Application of machine learning to forecast amine emissions
One of the main causes of climate change on our planet is an excess of carbon dioxide emissions. It occurs predominantly in electricity generation and industrial processes, including steel and cement manufacturing. Currently, engineers and chemists are looking into ways to capture carbon that could sequester and store carbon dioxide, thereby preventing it from being released into the atmosphere.
The concept of carbon capture is an effective way to reduce greenhouse gas emissions. Special carbon capture plants work on the basis of amine technology, using amines - chemical compounds that can dissolve carbon dioxide. Amines are also used in many industries, such as pharmaceuticals, production of epoxy resins and dyes.
The problem is that amines can be potentially harmful to the environment as well as human health, so it is critical to mitigate their impact. When using amines in carbon capture plants, emissions also need to be controlled, which is a challenge due to the technological difference between the plants.
A team of scientists from EPFL's School of Basic Sciences and The Research Centre for Carbon Solutions of Heriot-Watt University has developed a new solution based on machine learning to predict amine emissions from carbon capture plants. The solution was experimentally tested in a real plant in Germany led by a team with Professor Berend Smit from EPFL's School of Basic Sciences and Professor Susana Garcia from The Research Centre for Carbon Solutions of Heriot-Watt University in Scotland as the heads of the research.

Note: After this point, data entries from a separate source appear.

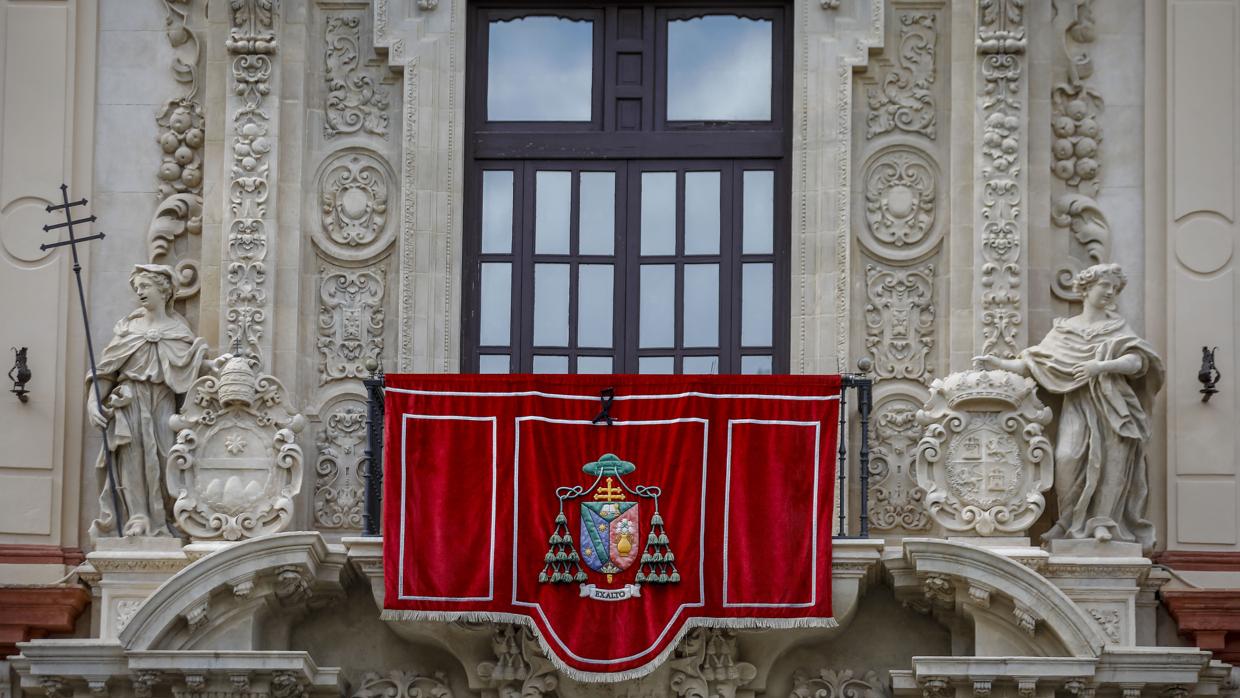 Balcón del Palacio Arzobispal de Sevilla con un crespón negro por las víctimas del coronavirus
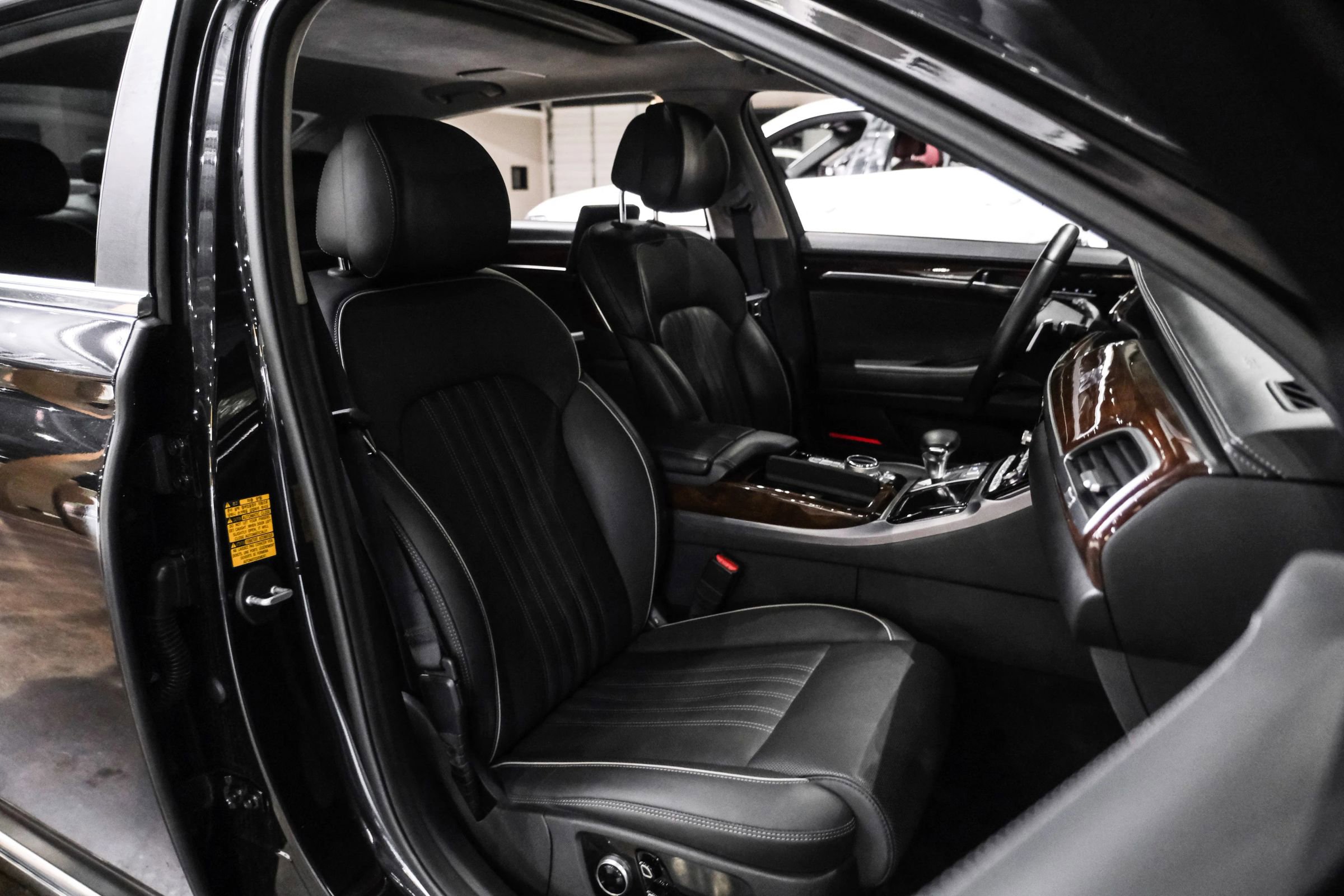 Used 2019 Genesis G90 5.0 Ultimate RWD image 32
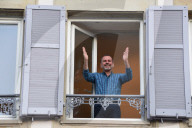 NEWS - Coronavirus: Ein Mann bedankt sich von seinem Fenster bei all jenen, die während der Covid19-Krise arbeiten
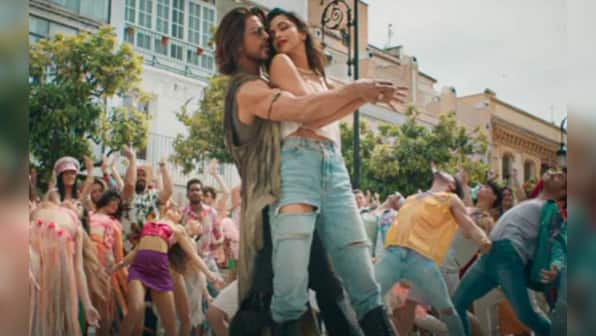 Rewind 2023 | From SRK's Pathaan to Satyaprem Ki Katha, top 5 viral hook steps of 2023: Get ready to groove!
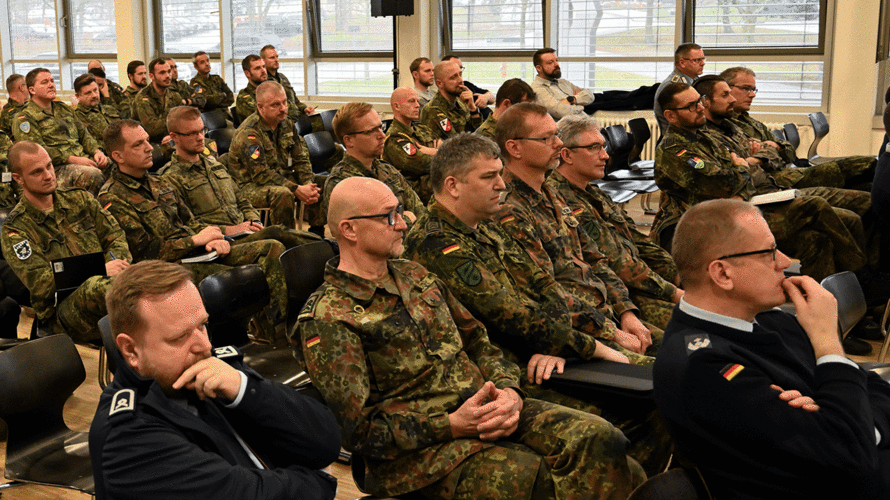 Immer sehr gut angenommen: Die Tagungen für Berufssoldaten des Landesverbands Süddeutschland. Foto: DBwV/Ingo Kaminsky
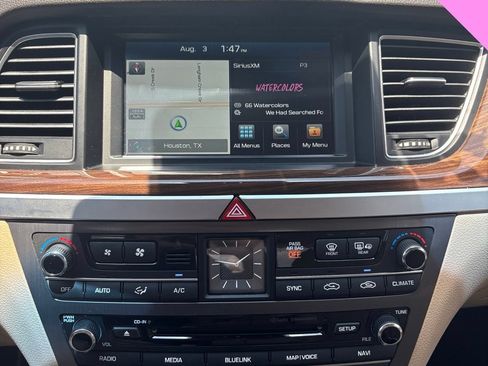 Used 2016 Hyundai Genesis 3.8 RWD image 12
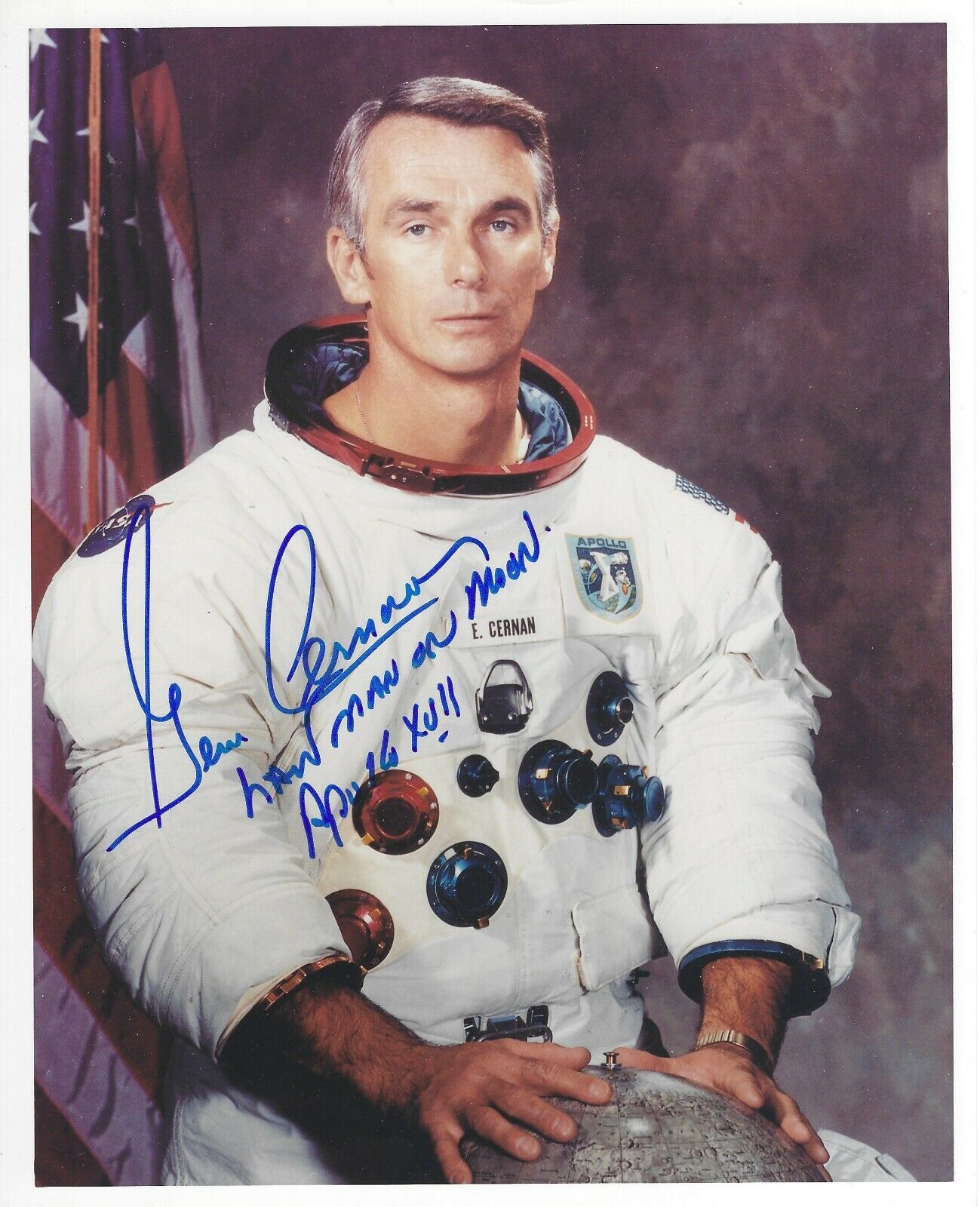 GENE CERNAN APOLLO 17 SIGNED 8x10 Photo Poster painting - UACC RD NASA ASTRONAUT AUTOGRAPH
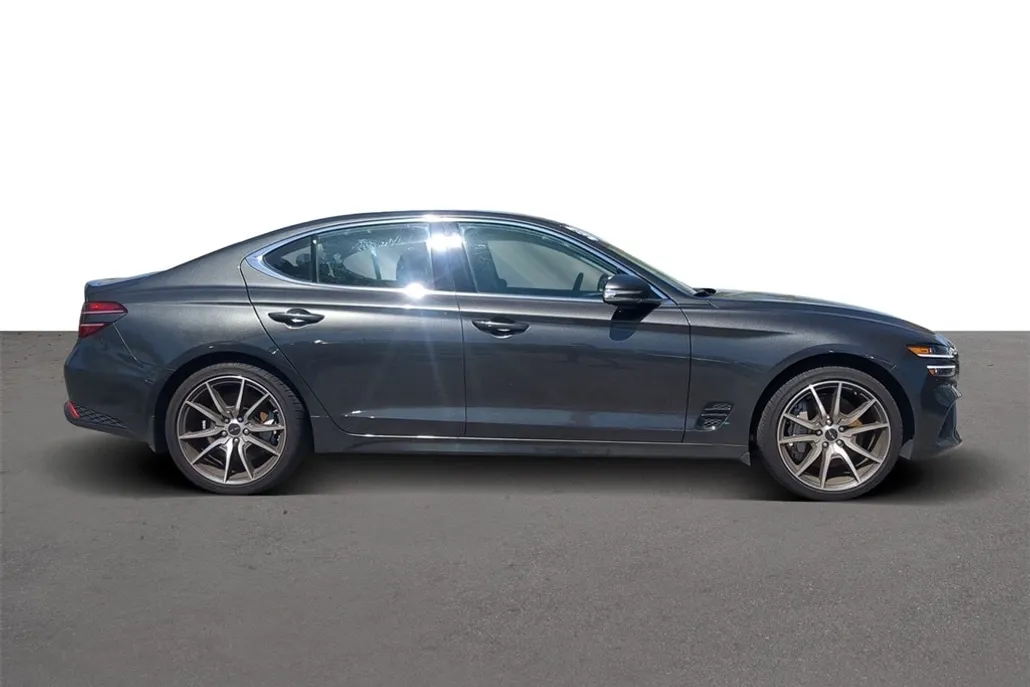 2025 Genesis G70 2.5T photo 1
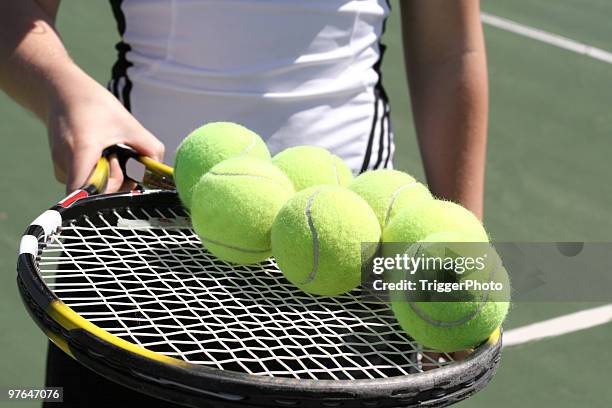 pelotas de tenis - apertura tournament fotografías e imágenes de stock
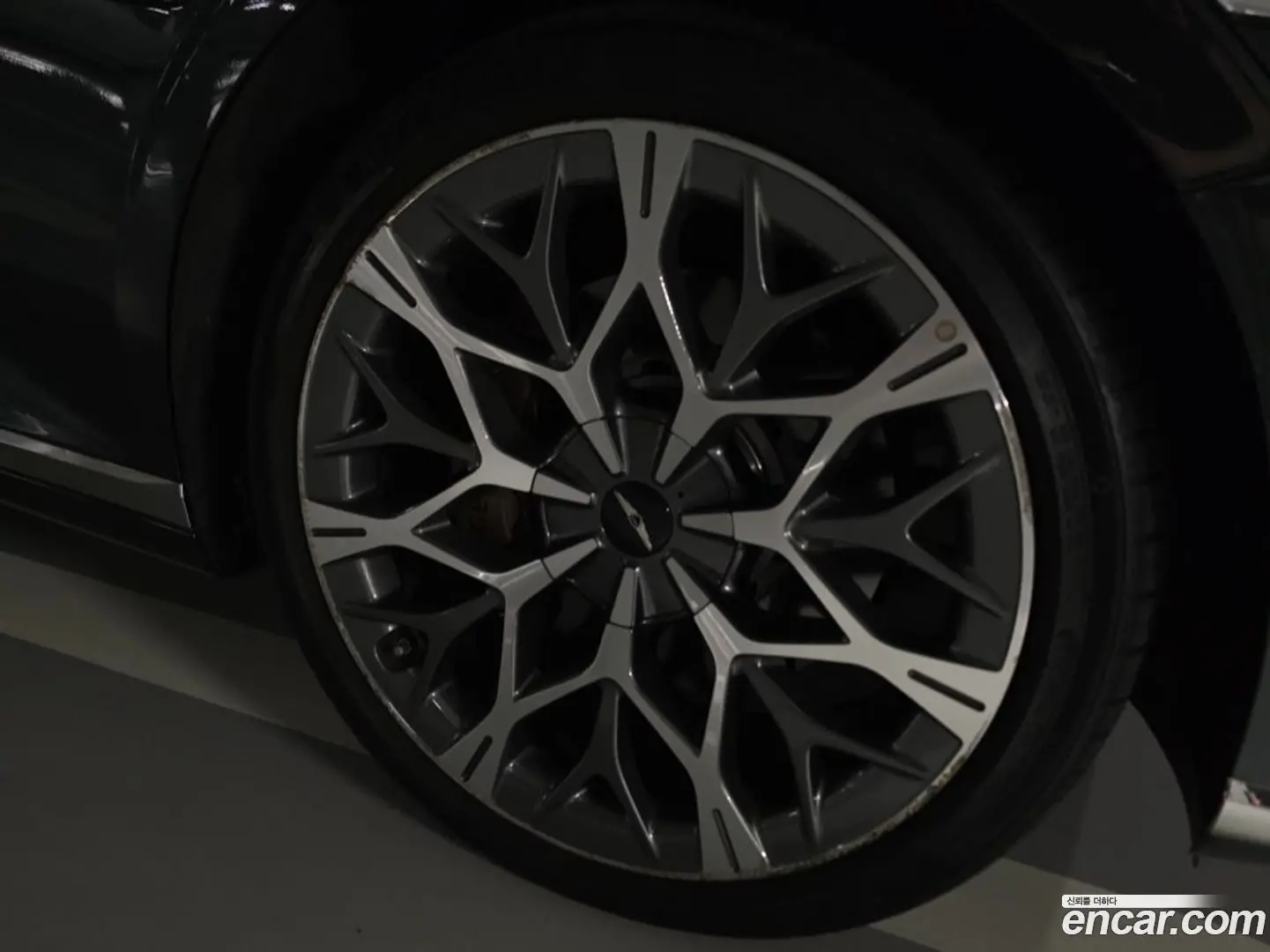 Genesis G90 Gasoline 3.5 Turbo e-S/C AWD 2021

The experiments were conducted at the largest coal-fired power plant in Germany, where the next-generation amine solution has been tested at a pilot plant for more than a year. However, it has been found that amines can be released with flue gas. This presented a problem since amine emissions must be controlled.
Professor Susana Garcia, together with the owner of the plant, RWE, and TNO in the Netherlands, developed a stress test to study amine emissions under various process conditions. Professor Garcia described that they designed an experimental campaign to understand how and when amine emissions would be generated. But some of the experiments also required the intervention of plant operators to ensure its safe operation.
These interventions led to the question of how to interpret the data. Are the amine releases the result of the stress tests themselves, or has operator interference indirectly affected the emissions? This has been further complicated by a general misunderstanding of the scientific mechanisms underlying amine releases.
"In short, we had an expensive and successful campaign that showed that amine emissions can be a problem, but no tools to further analyze the data," reports Smit.
It really looked like an unsolvable problem. All measurements were taken every five minutes and a lot of data was collected. And then Kevin Maik Jablonka decided to use machine learning for pattern recognition to predict future amine emissions based on plant data. By using a new amine emission prediction model, the researchers were able to separate emissions caused by operator intervention from emissions caused by the stress test.
The model showed that some interventions had the opposite effect on emissions of solvent components. Thus, the mitigation strategies required for capture facilities operating on a single component solvent (e.g., monoethanolamine) need to be reviewed if they are operated using a mixture of amines.
"I am very enthusiastic about the potential impact of this work; it is a completely new way of looking at a complex chemical process," says Smit. "This type of forecasting is not something one can do with any of the conventional approaches, so it may change the way we operate chemical plants."